Enzo knows that Denny will return in three days and that he can survive on his own until then by not eating, slowing his metabolism, and drinking sparingly from the toilet bowl. But on the second evening, Enzo begins to hallucinate, and this is where the zebra appears. Although it is a long quote from pages 52-54, I want to give the full quote of what happened with the zebra.
During the second night, approximately forty hours into my solitude, I think I began to hallucinate. Licking at the legs of Zoe's high chair where I had discovered some remnants of yogurt spilled long ago, I inadvertently sparked my stomach's digestive juices to life with an unpleasant groan, and I heard a sound coming from her bedroom. When I investigated, I saw something terrible and frightening. One of her stuffed animal toys was moving about on its own.
It was the zebra. The stuffed zebra that had been sent to her by her paternal grandparents, who may have been stuffed animals themselves for all that we saw them in Seattle. I never cared for that zebra, as it was something of my rival for Zoe's affection. Frankly, I was surprised to see it in the house, since it was one of Zoe's favorites and she carted it around at length and even slept with it, wearing little grooves in its coat just below the animal's velveteen head. I found it hard to believe Eve hadn't grabbed it when she threw together their bag, but I guess she was so freaked out or in such pain that she overlooked the zebra.
The now-living zebra said nothing to me at all, but when it saw me it began a dance, a twisting, jerky ballet, which culminated with the zebra repeatedly thrusting its gelded groin into the face of an innocent Barbie doll. That made me quite angry, and I growled at the molester zebra, but it simply smiled and continued its assault, this time picking on a stuffed frog, which it mounted from behind and rode bareback, its hoof in the air like a bronco rider, yelling out, "Yee-haw! Yee-haw!"

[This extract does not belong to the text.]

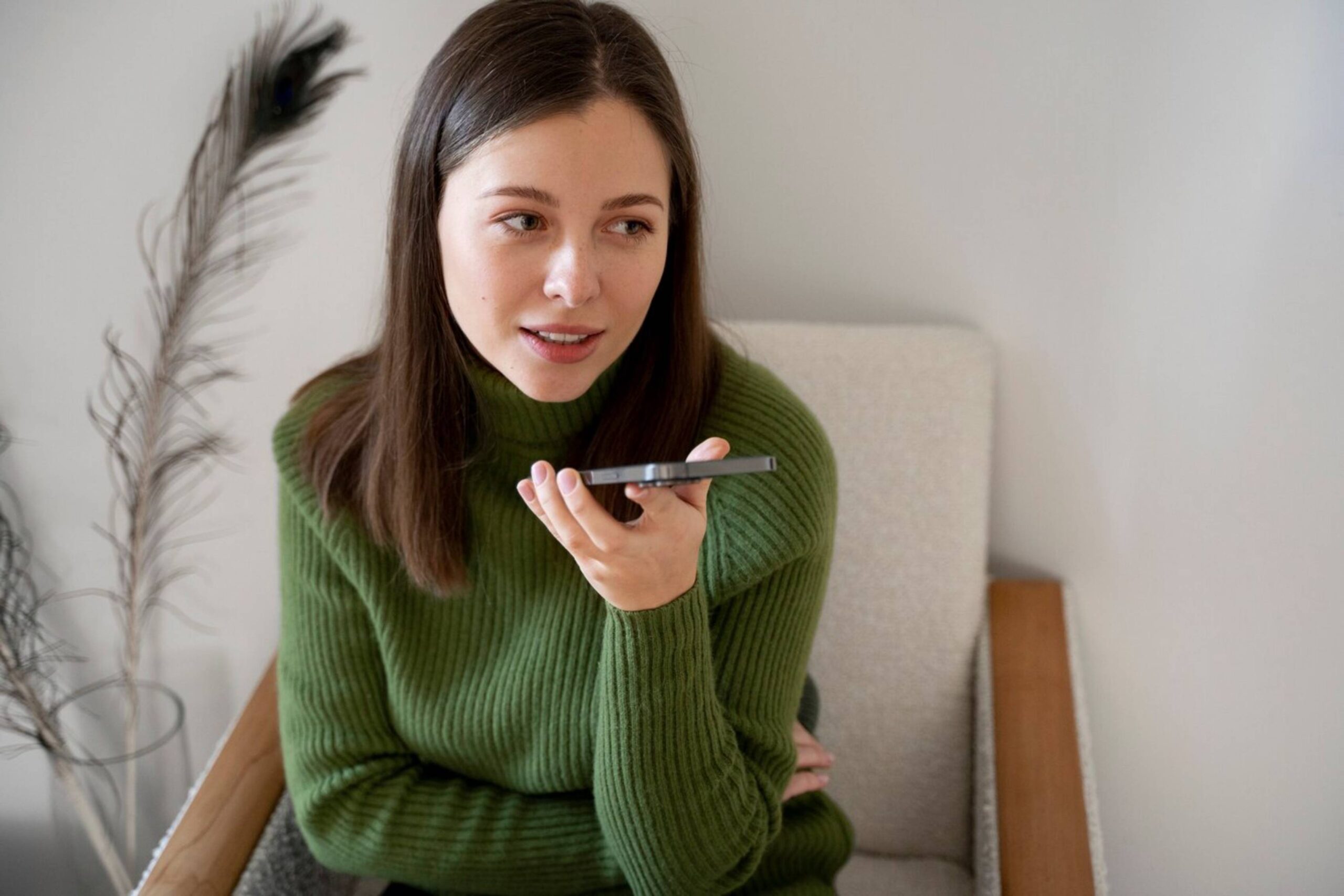 Young woman in green turtleneck speaking into smartphone, sitting in a light, modern room. 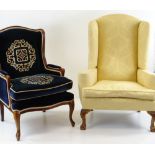 TWO WINGBACK ARMCHAIRS, comprising a George II style armchair upholstered in yellow floral damask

I stalked the bastard as it abused and humiliated each of Zoe's toys with great malice. Finally, I could take no more and I moved in, teeth bared for attack, to end the brutal burlesque once and for all. But before I could get the demented zebra in my fangs, it stopped dancing and stood on its hind legs before me. then it reached down with its forelegs and tore at the seam that ran down its belly. Its own seam! It ripped the seam open until it was able to reach in and tear out its own stuffing. It continued dismantling itself, seam by seam, handful by handful, until it expelled whatever demon's blood had brought it to life and was nothing more than a pile of fabric and stuffing that undulated on the floor, beating like a heart ripped from a chest, slowly, slower, and then nothing.

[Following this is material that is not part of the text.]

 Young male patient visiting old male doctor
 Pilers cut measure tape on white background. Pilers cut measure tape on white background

Traumatized, I left Zoe's room, hoping that what I had seen was in my mind, a vision driven by the lack of glucose in my blood, but knowing, somehow, that it wasn't a vision; it was true. Something terrible had happened.

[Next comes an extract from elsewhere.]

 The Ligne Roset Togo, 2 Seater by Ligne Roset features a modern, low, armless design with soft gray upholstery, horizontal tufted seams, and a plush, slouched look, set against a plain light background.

When Denny, Eve, and Zoe finally come home, Zoe goes into her room and discovers, to her horror and the horror of her parents, that all her stuffed animal toys have been torn to shreds. As Denny sees it, this is Enzo's doing. Enzo describes how Denny angrily drags him into Zoe's room and what he sees there.
He dragged me through the kitchen and down the hall, into Zoe's room where she sat, stunned, on the floor in the middle of a huge mess. Her dolls, her animals, all torn to shreds, eviscerated, a complete disaster. Total carnage. I could only assume that the evil demon zebra had reassembled itself and destroyed the other animals after I had left. I should have eliminated the zebra when I had my chance. I should have eaten it, even if it had killed me.
Denny is so angry that, in a completely uncharacteristic move, he hits Enzo hard on the side of the head. Eve cries out and runs to protect Enzo. Enzo describes his reaction to Denny's blow.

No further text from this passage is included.